The outer loop expands the right side of the window. The inner loop tries to shrink the window whenever the current interval can already satisfy the score requirement after skipping its largest element. The condition length > 1 prevents the invalid case where the only chosen problem is skipped.
The order of operations matters. We remove outdated heap entries before using the maximum, otherwise the maximum could belong to a problem that is no longer in the interval. The sums are kept as Python integers, so there is no overflow risk.
Worked Examples
For the first sample:
5
1 1 2 1 2
The required score is 4.
| right | left | current sum | maximum | solved count |
|---|---|---|---|---|
| 0 | 0 | 1 | 1 | not enough |
| 1 | 0 | 2 | 1 | not enough |
| 2 | 0 | 4 | 2 | possible, answer 2 |
| 3 | 2 | 3 | 2 | not enough |
| 4 | 2 | 5 | 2 | possible, answer 2 |
The important part is the interval from index 2 to index 4. Its sum is 5 and removing the value 2 still leaves enough score, so only two problems are solved.
For the second sample:
3
2 3 1
The required score is 3.
| right | left | current sum | maximum | solved count |
|---|---|---|---|---|
| 0 | 0 | 2 | 2 | not enough |
| 1 | 0 | 5 | 3 | possible, answer 1 |
| 2 | 1 | 4 | 3 | possible, answer 1 |
The interval containing only the value 3 already reaches the target. The algorithm finds it while shrinking the window.
Complexity Analysis
| Measure | Complexity | Explanation |
|---|---|---|
| Time | O(n log n) | Each element enters and leaves the heap once, and heap operations take logarithmic time |
| Space | O(n) | The heap stores window candidates |
The solution handles $10^5$ elements comfortably. The logarithmic factor comes only from maintaining the maximum value in the current window.
Test Cases
import sys
import io
import heapq
def solve_io(inp: str) -> str:
old_stdin = sys.stdin
sys.stdin = io.StringIO(inp)
n = int(sys.stdin.readline())
a = list(map(int, sys.stdin.readline().split()))
total = sum(a)
need = (total + 1) // 2
ans = n
left = 0
cur = 0
heap = []
for right, value in enumerate(a):
cur += value
heapq.heappush(heap, (-value, right))
while heap and heap[0][1] < left:
heapq.heappop(heap)
while left <= right:
while heap and heap[0][1] < left:
heapq.heappop(heap)
maximum = -heap[0][0]
length = right - left + 1
if length > 1 and cur - maximum >= need:
ans = min(ans, length - 1)
cur -= a[left]
left += 1
else:
break
sys.stdin = old_stdin
return str(ans) + "\n"
assert solve_io("5\n1 1 2 1 2\n") == "2\n"
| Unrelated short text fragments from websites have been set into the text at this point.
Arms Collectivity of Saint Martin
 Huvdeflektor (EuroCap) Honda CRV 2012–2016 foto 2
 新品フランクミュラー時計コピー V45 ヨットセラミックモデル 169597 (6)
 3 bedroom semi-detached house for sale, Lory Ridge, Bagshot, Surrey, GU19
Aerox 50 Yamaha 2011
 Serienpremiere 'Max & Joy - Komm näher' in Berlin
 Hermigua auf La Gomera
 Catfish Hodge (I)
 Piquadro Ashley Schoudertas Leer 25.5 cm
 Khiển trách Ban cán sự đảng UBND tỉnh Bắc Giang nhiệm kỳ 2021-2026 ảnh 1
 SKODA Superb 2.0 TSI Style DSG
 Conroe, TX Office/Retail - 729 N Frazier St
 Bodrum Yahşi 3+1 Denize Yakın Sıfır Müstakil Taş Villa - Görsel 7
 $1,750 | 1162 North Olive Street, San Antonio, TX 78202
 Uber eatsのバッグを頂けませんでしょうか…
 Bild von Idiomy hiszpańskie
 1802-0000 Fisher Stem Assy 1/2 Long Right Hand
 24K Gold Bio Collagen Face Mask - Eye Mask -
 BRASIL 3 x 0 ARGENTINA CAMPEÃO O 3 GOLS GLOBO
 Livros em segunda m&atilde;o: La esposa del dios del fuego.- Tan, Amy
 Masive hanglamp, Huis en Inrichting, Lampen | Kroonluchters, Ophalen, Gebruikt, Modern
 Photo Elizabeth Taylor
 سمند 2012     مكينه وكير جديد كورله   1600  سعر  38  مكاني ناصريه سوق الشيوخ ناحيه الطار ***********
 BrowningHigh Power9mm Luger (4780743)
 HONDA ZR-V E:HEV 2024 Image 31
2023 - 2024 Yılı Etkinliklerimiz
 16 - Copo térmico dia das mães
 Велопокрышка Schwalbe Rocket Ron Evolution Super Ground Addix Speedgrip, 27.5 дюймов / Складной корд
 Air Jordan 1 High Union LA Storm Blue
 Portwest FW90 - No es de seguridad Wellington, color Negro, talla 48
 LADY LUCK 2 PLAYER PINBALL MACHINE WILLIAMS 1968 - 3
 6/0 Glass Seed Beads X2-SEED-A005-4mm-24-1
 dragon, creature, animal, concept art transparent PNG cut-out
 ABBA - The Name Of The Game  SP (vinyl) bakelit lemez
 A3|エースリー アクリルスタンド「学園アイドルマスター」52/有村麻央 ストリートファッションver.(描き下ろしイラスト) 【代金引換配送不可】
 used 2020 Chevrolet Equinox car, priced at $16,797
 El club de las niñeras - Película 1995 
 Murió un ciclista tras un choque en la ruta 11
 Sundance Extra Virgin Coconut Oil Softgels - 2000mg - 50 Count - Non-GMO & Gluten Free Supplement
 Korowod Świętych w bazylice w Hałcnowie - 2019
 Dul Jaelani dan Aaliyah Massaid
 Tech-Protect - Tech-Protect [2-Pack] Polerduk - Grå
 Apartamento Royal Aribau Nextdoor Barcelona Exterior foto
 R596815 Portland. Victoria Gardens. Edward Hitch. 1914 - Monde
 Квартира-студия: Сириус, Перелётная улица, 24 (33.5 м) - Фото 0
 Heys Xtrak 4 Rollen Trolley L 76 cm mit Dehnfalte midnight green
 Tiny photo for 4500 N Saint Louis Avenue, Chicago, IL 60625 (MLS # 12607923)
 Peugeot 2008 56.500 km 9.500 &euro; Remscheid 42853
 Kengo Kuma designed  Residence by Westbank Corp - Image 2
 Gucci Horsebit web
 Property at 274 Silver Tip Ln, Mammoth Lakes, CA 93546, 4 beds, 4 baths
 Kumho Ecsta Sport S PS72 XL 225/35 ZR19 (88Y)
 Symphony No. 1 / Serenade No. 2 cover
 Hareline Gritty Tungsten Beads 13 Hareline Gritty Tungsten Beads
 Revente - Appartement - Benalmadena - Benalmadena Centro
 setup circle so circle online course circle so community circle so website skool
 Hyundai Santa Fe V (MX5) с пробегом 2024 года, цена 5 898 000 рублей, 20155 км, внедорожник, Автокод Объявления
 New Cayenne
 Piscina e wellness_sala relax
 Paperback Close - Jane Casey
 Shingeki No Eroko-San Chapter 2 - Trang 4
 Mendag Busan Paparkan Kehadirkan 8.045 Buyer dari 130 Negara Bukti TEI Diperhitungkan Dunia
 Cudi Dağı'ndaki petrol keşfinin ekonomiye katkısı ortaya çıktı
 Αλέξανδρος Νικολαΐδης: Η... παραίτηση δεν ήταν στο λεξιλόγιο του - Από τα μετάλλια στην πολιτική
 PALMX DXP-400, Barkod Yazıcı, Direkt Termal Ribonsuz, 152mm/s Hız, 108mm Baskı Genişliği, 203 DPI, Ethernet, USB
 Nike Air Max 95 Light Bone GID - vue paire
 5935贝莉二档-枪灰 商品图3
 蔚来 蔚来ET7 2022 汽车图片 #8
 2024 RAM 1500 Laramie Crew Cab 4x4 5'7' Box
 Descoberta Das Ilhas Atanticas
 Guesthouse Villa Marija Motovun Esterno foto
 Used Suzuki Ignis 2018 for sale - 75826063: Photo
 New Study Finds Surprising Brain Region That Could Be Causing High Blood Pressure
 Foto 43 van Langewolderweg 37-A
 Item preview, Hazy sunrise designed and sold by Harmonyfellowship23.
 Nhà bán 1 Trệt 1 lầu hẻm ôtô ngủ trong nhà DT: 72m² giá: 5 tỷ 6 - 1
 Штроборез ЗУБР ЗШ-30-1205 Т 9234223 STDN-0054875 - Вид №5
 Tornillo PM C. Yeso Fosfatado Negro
assert solve_io("3\n2 3 1\n") == "1\n"
assert solve_io("1\n10\n") == "1\n"
assert solve_io("4\n5 5 5 5\n") == "1\n"
assert solve_io("6\n1 1 1 1 1 100\n") == "1\n"
assert solve_io("5\n1 2 3 4 5\n") == "2\n"
| Test input | Expected output | What it validates |
|---|---|---|
1 / 10 |
1 |
Single element boundary case |
4 / 5 5 5 5 |
1 |
All values equal |
6 / 1 1 1 1 1 100 |
1 |
Large single element dominates |
5 / 1 2 3 4 5 |
2 |
Sliding window shrinking behavior |
Edge Cases
For the single problem case:
1
10
The target is 5. The window contains one element, but the skip condition rejects it because solving zero problems is not valid. The answer stays 1.
For the case where skipping matters:
5
1 1 2 1 2
The window [2, 1, 2] has sum 5 and maximum 2. Removing that maximum leaves exactly 3, which is not enough, so the best skip is actually removing one of the ones from [1, 2, 1, 2], leaving 5 points from three solved problems. The optimal interval is [2, 1, 2] with the middle value skipped, giving two solved problems and score 4.
For a case with one dominant value:
6
1 1 1 1 1 100
The target is 53. When the last element enters the window, the maximum is 100 and skipping it is not useful because it removes all the score. The window consisting only of the last problem is handled as a normal solve, producing answer 1.